Want to build a digital character that mirrors your every move? This recipe shows you how to use MediaPipe to track your full body (skeleton) in real time. We’ll use this data to drive interactive 2D and 3D avatars.

Before You Start

You will need to download the MediaPipe TouchDesigner Plugin by Torin Blankensmith. Download it here (get the release.zip).


1. Setup the Plugin

  1. Extract the Zip: Place the toxes/ folder right next to your .toe project file.
  2. Add to TD:
    • Press Tab and add a Base COMP. Name it mediapipe_pose.
    • Inside, drag in MediaPipe.tox and Pose Tracking.tox.
  3. Turn it on:
    • Click the MediaPipe node.
    • In the parameters, find Pose Tracking and toggle it On.
    • Set your Webcam in the dropdown.

2. Understanding the Data

The Pose Tracking node gives you 33 points (landmarks) representing your joints:

  • Upper Body: Shoulders, Elbows, Wrists, Nose, Ears.
  • Lower Body: Hips, Knees, Ankles, Heels, Toes.

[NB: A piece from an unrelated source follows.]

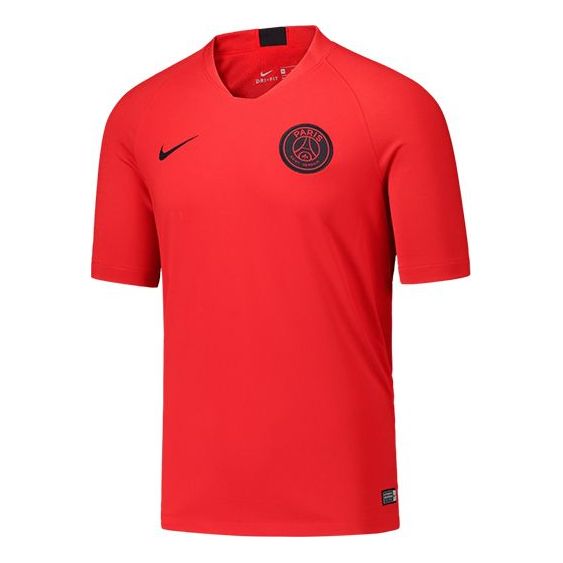 

Футболка Men's Nike Paris Saint-Germain 19-20 Season Greater Paris Tournament Training Short Sleeve Red T-Shirt, красный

Each point has an X, Y, and Z coordinate (0 to 1). Note: Y is often 0 at the top and 1 at the bottom.


3. Extracting Your Hands

Let’s grab your wrist positions to drive some visuals.

  1. Add a Select CHOP and connect it to the output of the Pose Tracking node.
  2. In the Channel Names parameter, type: P1_wrist_left_* P1_wrist_right_*.
    • _The _ grabs X, Y, and Z all at once.*
  3. Add a Math CHOP. In the “Range” tab, set From Range 0 to 1 and To Range -1 to 1. This centers the data for 3D space.
  4. Add a Null CHOP and name it HAND_DATA.

4. Your First Project: The “Skeleton Puppet”

Let’s make two spheres that follow your hands in 3D space.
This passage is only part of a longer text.